# Lust4Lawn Fall 2021 Mazama Mono Backyard Reno - NJ



## Lust4Lawn (Aug 4, 2020)

My backyard has always been a bit of a struggle. Old cultivars of unknown origins, shade from mature trees, sinking areas from either tree trunks decaying or buried wood…. I've gone the overseed route many times and the results have always been hit or miss. My wife is sick of it which means it's RENO TIME. Getting the timing right with the wife arguably is more important than the seed down date!

Past journal for this area: https://thelawnforum.com/viewtopic.php?f=27&t=22966

The original backyard is about 3800 feet. I'm done with the garden due to tremendous deer and groundhog pressure so we tore out the fence around that area and will be converting this to grass and bringing the area up to ~4500 square feet not counting the compost pile area.

7/18 - Glyphosate at 2.5oz/300 feet per gallon, Ammonium Sulfate at 2.7 ounces(weight)/gallon, 2 tsp NIS and 1oz BASF Turf Mark

8/3 - Started pulling fence posts from the garden. Pulled up a bunch of nice tomato plants and sprayed glyphosate on the remaining vegetation in the garden. Sprayed FAS on areas that had moss.

8/2 - Trim back all of the trees to get more light into the yard while preserving some shade for the kids' playground. I also wanted to remove the apple tree at the left of the yard that was old and tired with many battle wounds. This was the last original fruit tree from when this property was part of an orchard. I hated to take it down but it was time. Ironically she produced the biggest fruit in overwhelming volume in an attempt to dissuade her from the inevitable. The hordes of deer will miss you but hopefully, this removes a major deer attraction from the property and lessens the pressure on other plants.

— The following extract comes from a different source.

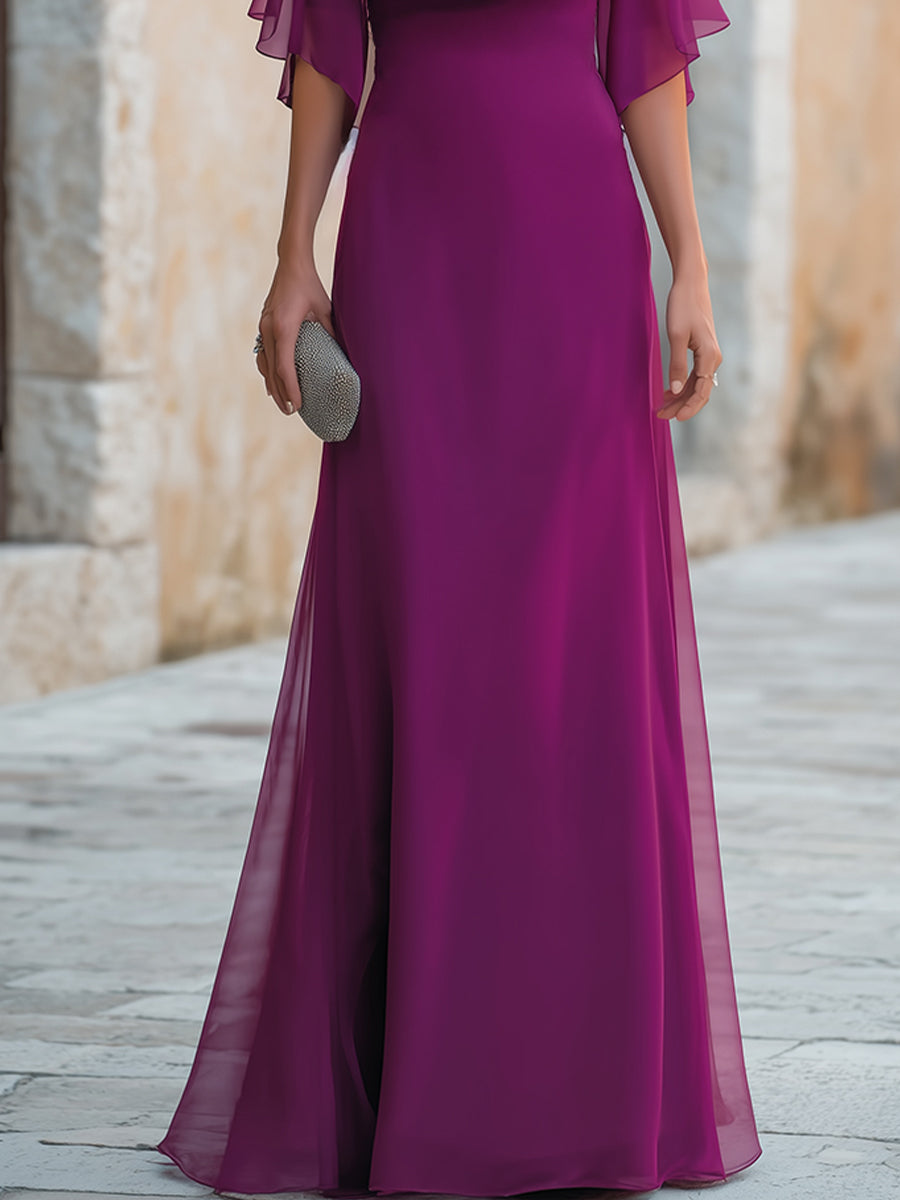 Cowl Drape V Neck Sheer Chiffon Capelet Sleeve Fitted Full Length Evening Gown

8/7 - I rented a jackhammer to remove old footings that were ~12-14" square. I recessed them ~6-8 from their original level and will likely have an extra +2" of new topsoil giving me ~8-10" of soil depth in most places.

8/10 - 18 yards of topsoil delivered

8/12 Glyphosate at 8oz/K feet per gallon, Ammonium Sulfate at 2.7 ounces(weight)/gallon, 2 tsp NIS and 1oz BASF Turf Mark

8/13 Harley rake, Spread 18 yards over the area and raked level.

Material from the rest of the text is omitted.